DATA SEGMENT ▸
###
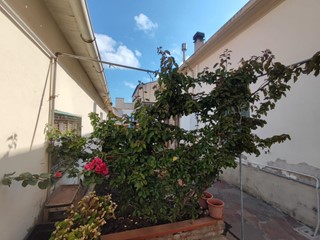 Casa Indipendente in Vendita a Campiglia Marittima, zona Venturina, 185'000&euro;, 165 m², con Box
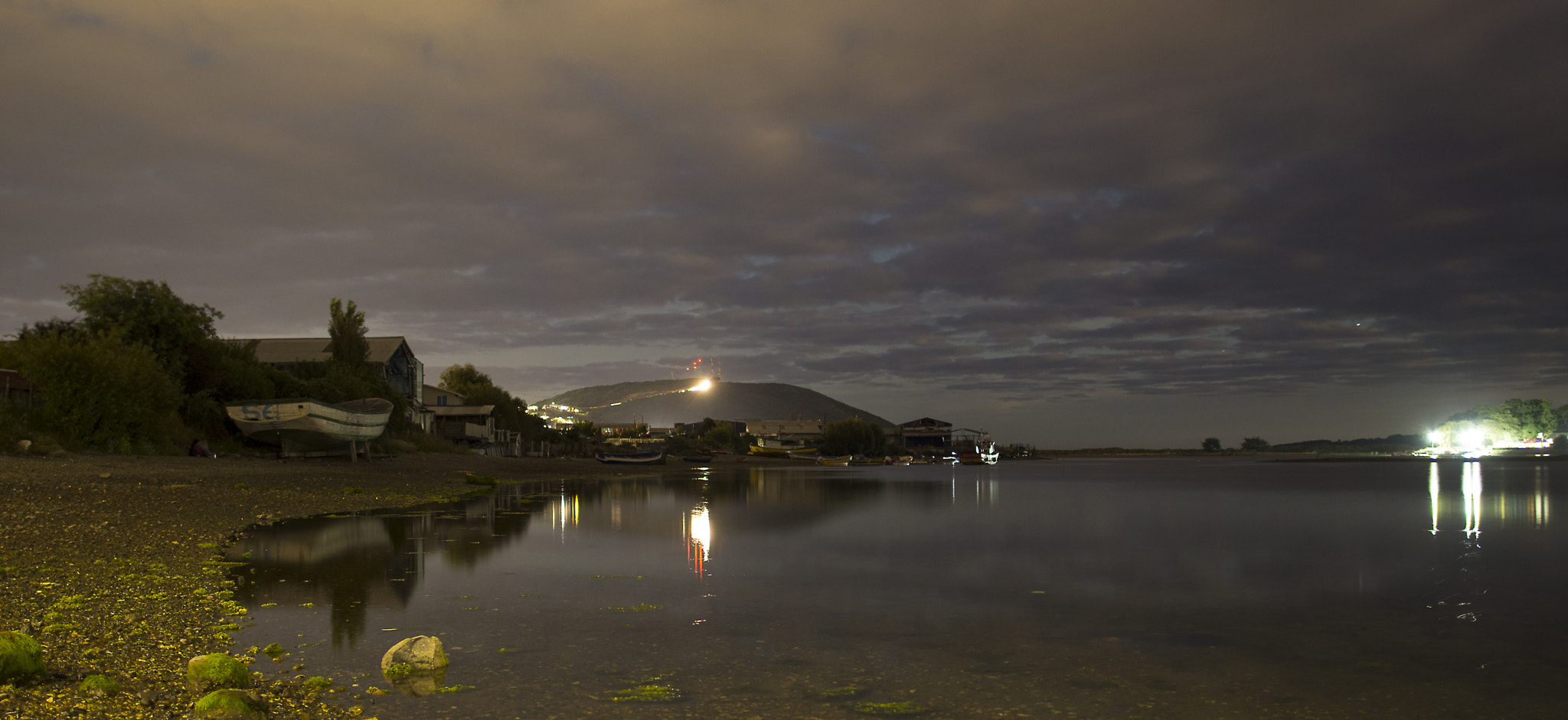 Nikon D7200 + Nikon AF-S Nikkor 20mm F1.8G ED sample photo. Twilight photography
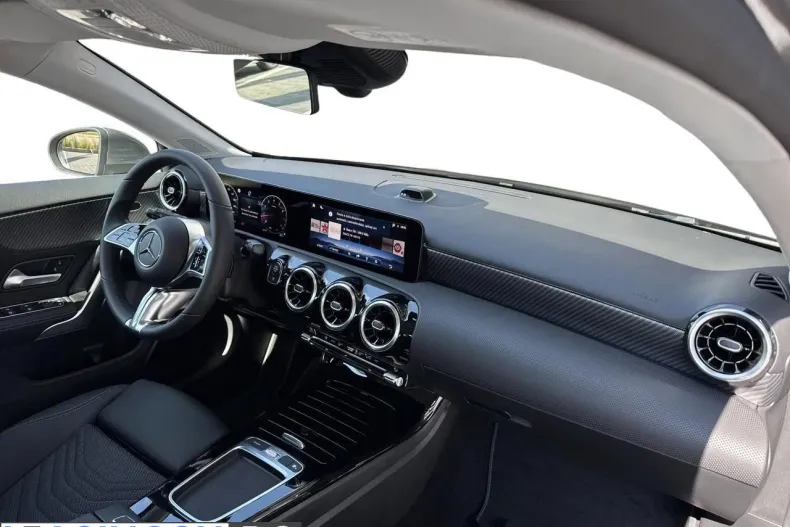 Mercedes-Benz A 180 (Clasa A) din 2026 cu 4 km - oferta MER246089 - foto 8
###
WHAT THE TASK REQUIRES ▸ Top to bottom, retype the listing exactly but drop every picture.

OUTPUT OF THE TASK ▸
 Casa Indipendente in Vendita a Campiglia Marittima, zona Venturina, 185'000&euro;, 165 m², con Box
 Nikon D7200 + Nikon AF-S Nikkor 20mm F1.8G ED sample photo. Twilight photography
 Mercedes-Benz A 180 (Clasa A) din 2026 cu 4 km - oferta MER246089 - foto 8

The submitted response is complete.